Destruction of Conditions of Life: A Health Analysis of the Gaza Genocide (Physicians for Human Life Israel, 65 pages)
Summary
Physicians for Human Rights Israel (PHRI) presents this health-focused legal analysis of Israel's military campaign in Gaza since October 2023, concluding that it constitutes genocide under the 1948 Genocide Convention. The evidence shows a deliberate and systematic dismantling of Gaza's health and life-sustaining systems - through targeted attacks on hospitals, obstruction of medical aid and evacuations, and the killing and detention of healthcare personnel.Over a 22-month period, Israel's actions have destroyed Gaza's healthcare infrastructure in a manner that is both calculated and systematic. The chronology of attacks reveals a deliberate progression: beginning with the bombing and forced evacuation of hospitals in northern Gaza, the health system's collapse extended southward as displaced populations overwhelmed remaining facilities, which were then subjected to further bombardment, siege, and resource deprivation. Gaza's health system has been systematically dismantled - its hospitals rendered non-functional, medical evacuations blocked, and essential services like trauma care, surgery, dialysis, and maternal health eliminated. The killing and detention of over 1,800 healthcare workers, including many senior specialists, has decimated Gaza's medical capacity and rendered recovery nearly impossible. Humanitarian relief has been deliberately restricted, forcing civilians to approach militarized distribution points that have often become sites of mass killings. This coordinated assault has produced a cascading failure of health and humanitarian infrastructure, compounded by policies leading to starvation, disease, and the breakdown of sanitation, housing, and education systems.
This paper also addresses evidence of mass killing and widespread harm. As of mid-2025, over 57,000 Palestinians - primarily women and children - have been confirmed killed, with estimates nearing 100,000 when indirect deaths are included. Tens of thousands have been injured, including thousands of amputees and individuals requiring long-term care that is unavailable due to the collapsed health system.
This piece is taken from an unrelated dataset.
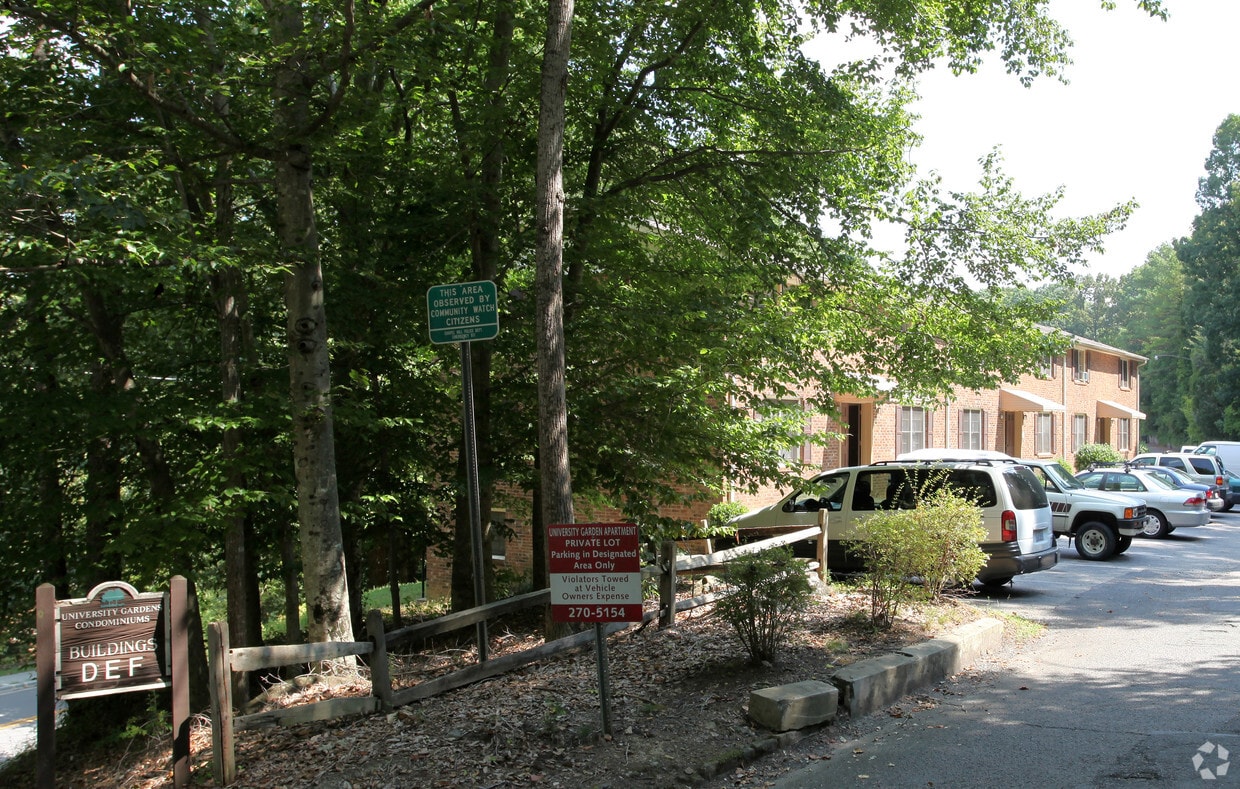 Building Photo - University Gardens Condominiums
Gaza residents who have been detained and held in Israeli facilities6 report systematic torture, medical neglect, and degrading treatment, contributing to both physical and psychological harm. Children face psychological trauma, while women endure sharp increases in miscarriages, preterm births, and maternal mortality amid famine and lack of reproductive healthcare services.
PHRI concludes that these acts are not incidental to war, but rather part of a deliberate policy targeting Palestinians as a group. They fulfill at least three core acts defined in Article II of the Genocide Convention: (a) killing members of the group; (b) causing serious bodily or mental harm to members of the group; and (c) deliberately inflicting on the group conditions of life calculated to bring about its destruction in whole or in part.
Despite international legal rulings, Israel has not complied with its obligations, and global enforcement remains weak. PHRI urges international bodies and states to fulfill their duty under Article I of the Genocide Convention to stop the Gaza genocide. The organization also calls on the global health and humanitarian communities to act, as the destruction of Gaza's health system is not only a legal violation but a humanitarian catastrophe demanding urgent global solidarity and response.